I'm wondering if the rangers are even ticketing them. You'd think after several wallet busters they'd give up. Do the sanctions accumlate on your record, like speeding tickets do (as in points)?


----------



## billk (Feb 2, 2008)

Must be a common thing for them.

Have had the same issues when I lived in Houston with the "Engrish not my fiwst rangruage" crowd. They kept EVERTHING they caught (even horse mullet and Jack Crevalle) and were all experts at castnetting.


----------



## streamstalker (Jul 8, 2005)

Response from the ranger:



> Mr. _________, The incident you reported on 4/27 was addressed by the Ranger. I would be surprised to see that individual doing it again. The incident you witnessed this past Saturday was not caught by our staff. We believe that we have dealt with these individuals in the past. We will keep an eye out for them, and will focus our attention on Little Darby as much as possible. If you see this taking place in the creeks again, please report it to us. Our on-duty Ranger staff may be reached via cell phone, 614-370-6254. Also, if you can, in the future get their license plate for us that would be a big help in case we cannot respond quick enough to address the individuals.
> ODNR has allowed us to designate certain areas of the creeks within park boundaries as areas were cast netting and seining is not permitted. That area is all of Little Darby Creek from the confluence up to the north end of Metro Park's property line.
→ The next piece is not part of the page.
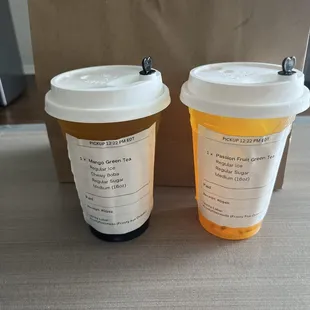 Mango green tea with boba and passion fruit green tea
All other areas of Big and Little Darby Creek are regulated per ODNR's regulations.
> Thank you for the information,
> Kevin Kasnyik
> ...


----------



## injun laker45 (Jun 28, 2011)

Good job streamstalker. Hope the WO catches them all.
Can't stand poachers no matter where they come from.


----------



## Smallmouth Crazy (Apr 4, 2006)

Bunch of guys were keeping those cigar size Saugeye the other night below the dam at Deer Creek, I don't believe its actually poaching because I don't think the DNR sets a size limit on the Saugeye there, but it still sits wrong with me. I was out at Prairre Oaks years ago after they first opened and mentioned to a guy that a LM he had on a stringer probably didn't meet the size requirements and that at the time they were actively patrolling the park...he just looked at me like mind your own business, lots of guys out there have no morals on what to keep or how many.


----------



## Deazl666 (Mar 30, 2012)

Smallmouth Crazy said:


> Bunch of guys were keeping those cigar size Saugeye the other night below the dam at Deer Creek, I don't believe its actually poaching because I don't think the DNR sets a size limit on the Saugeye there, but it still sits wrong with me. I was out at Prairre Oaks years ago after they first opened and mentioned to a guy that a LM he had on a stringer probably didn't meet the size requirements and that at the time they were actively patrolling the park...he just looked at me like mind your own business, lots of guys out there have no morals on what to keep or how many.


Unrelated but I saw a guy take a nice smallie out of the Darby the other night. I was talking with him from the other side of the river when he pulled up a stringer (I didn't know he had) that had a 13-14 incher on the end of it. He wished me good luck, said good night, and walked away, fish in hand.


----------



## shwookie (Jun 15, 2007)

Some of you guys might want to ease up on the racial posts. Some of us here may be immgrants, or may have family that is immigrants and find these posts to be classless. 
Ignorant behavior knows no geographical boundaries.


----------



## streamstalker (Jul 8, 2005)

I debated how much description of these guys I should put in and decided to relate the incident as I described it to the rangers. I know some media outlets are so PC that they don't even give the race of crime suspects. And I did ask myself if I would have identified their race if they were white or black. I guess if I was totally honest, I probably would not have. Maybe I made the wrong decisison, but it does seem to put us a step or two closer to getting it stopped.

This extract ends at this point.